著者
河野 憲治 尾形 昭逸 安藤 忠男
出版者
日本草地学会
雑誌
日本草地学会誌 (ISSN:04475933)
巻号頁・発行日
vol.27, no.1, pp.93-99, 1981-04-30

イタリアンライグラス(Ir)草地に暖地型牧草シコクビエ(Am)を不耕起導入する場合,Irの残存生育を抑到し,Amの定着を向上させる方法として石灰窒素の利用を検討した。

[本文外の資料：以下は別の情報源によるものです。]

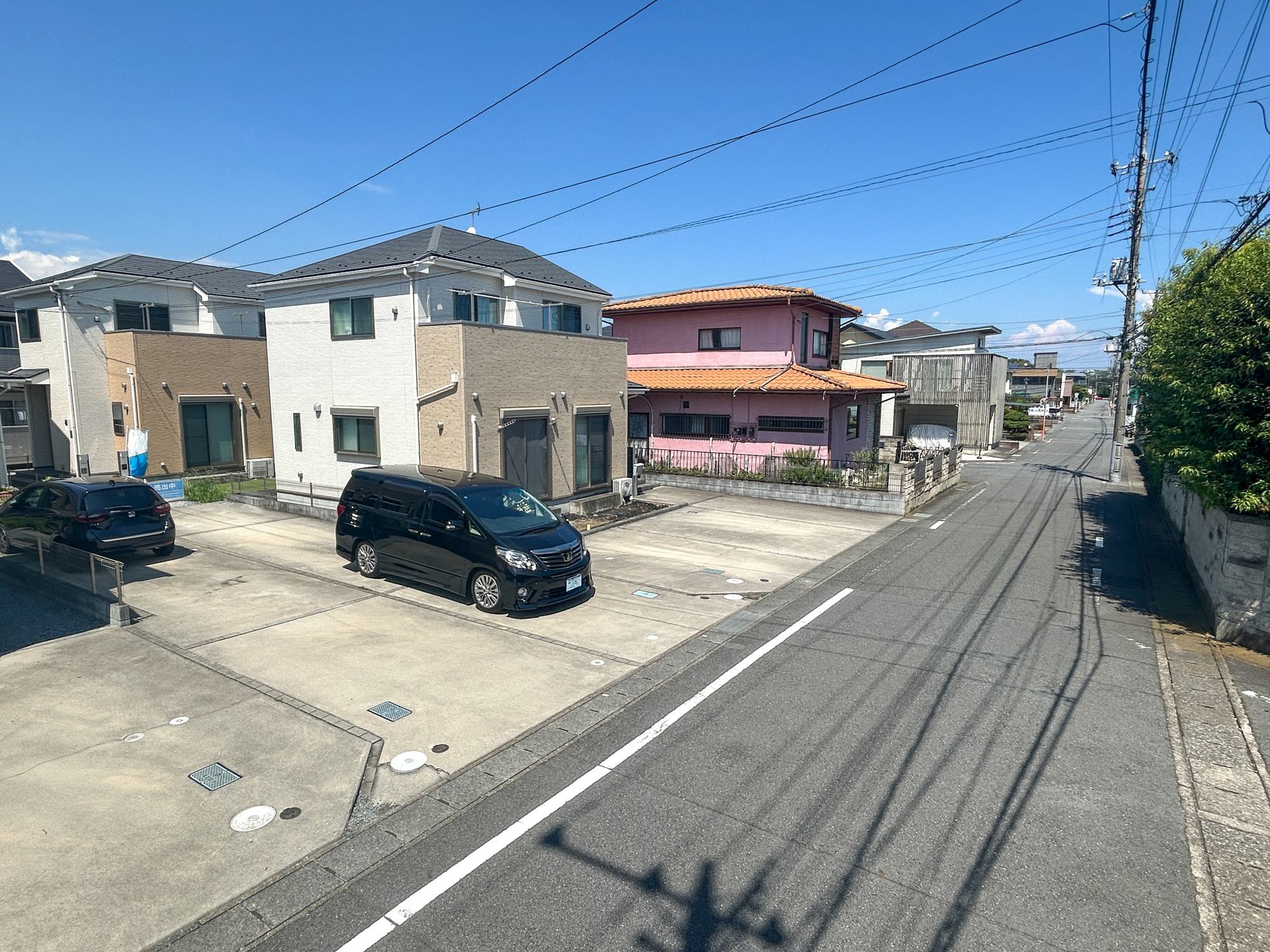 高崎市八千代町3丁目　中古住宅の前面道路含む現地写真|低層の一戸建てを中心とした街並みが整然と続き、周辺は高い建物が建っていないので、採光や開放性に恵まれ、空が広く緑の多い閑静な趣を感じる環境です。

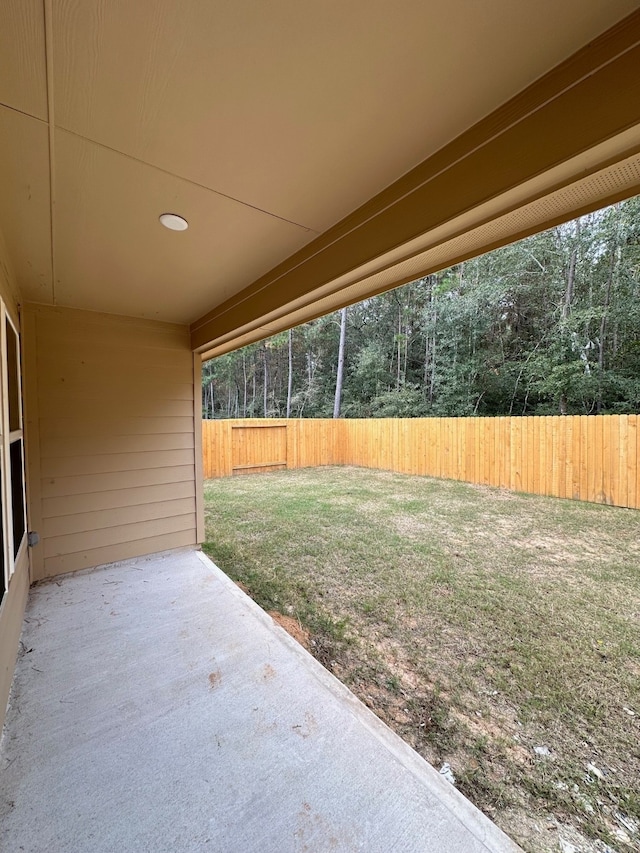 view of yard with a patio area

すなわち,Irの残存生育とAmの発芽定着に及ぼす石灰窒素の施与量と施与時期の影響を圃場試験により検討し,さらに石灰窒素のIr残存生育抑到とAm定着向上効果を地温の面から解析した。(I)石灰窒素と硫安施与量を10a当りN=0,6,12,18,24kgの5段階,Amの播種時期を5月22日,6月5日,6月20日と変えた圃場試験の結果,(a)石灰窒素多施与(N:24kg/10a)区Amの乾物重と発芽定着数は,硫安区と比較し著しく高く,5/22播よりも6/20播で高い値を示した。(b)石灰窒素区Irの乾物重は窒素施与量の増加に伴って減少し,N多施与区では枯死状態を呈した。この傾向は5/22播よりも6/20播で顕著であった。また石灰窒素多施与区Irのクロロフィル含量と根の活力はともに硫安区と上比較して著しく低い値を示した。(II)石灰窒素と硫安施与量をポット当りN:0,0.1,0.2,0.4,0,6g,地温を18°,23°,28°,33℃と変えた土耕ポット試験の結果(a)石灰窒素区Amの乾物重は地温の高い区程,また窒素施与量の増加に伴って大きい値を示した。また,石灰窒素多施与Am区の発芽定着数は地温の高い区程大きい値を示した。(b)石灰窒素Ir区の乾物重は窒素施与量の増加に伴って激減し,その傾向は高地温程顕著であった。以上の結果から,地温が低く,Irの残存生育が旺盛な時期においても,10a当りN:24kgの石灰窒素多施与によりIrの残存生育を著しく抑制できること,その結果Irとの養分や光に対する競合が軽減され,Amの定着を向上させること,さらに石灰窒素によるIrの残存生育抑制効果とAmの定着向上効果は高地温程大となることが明らかとなった。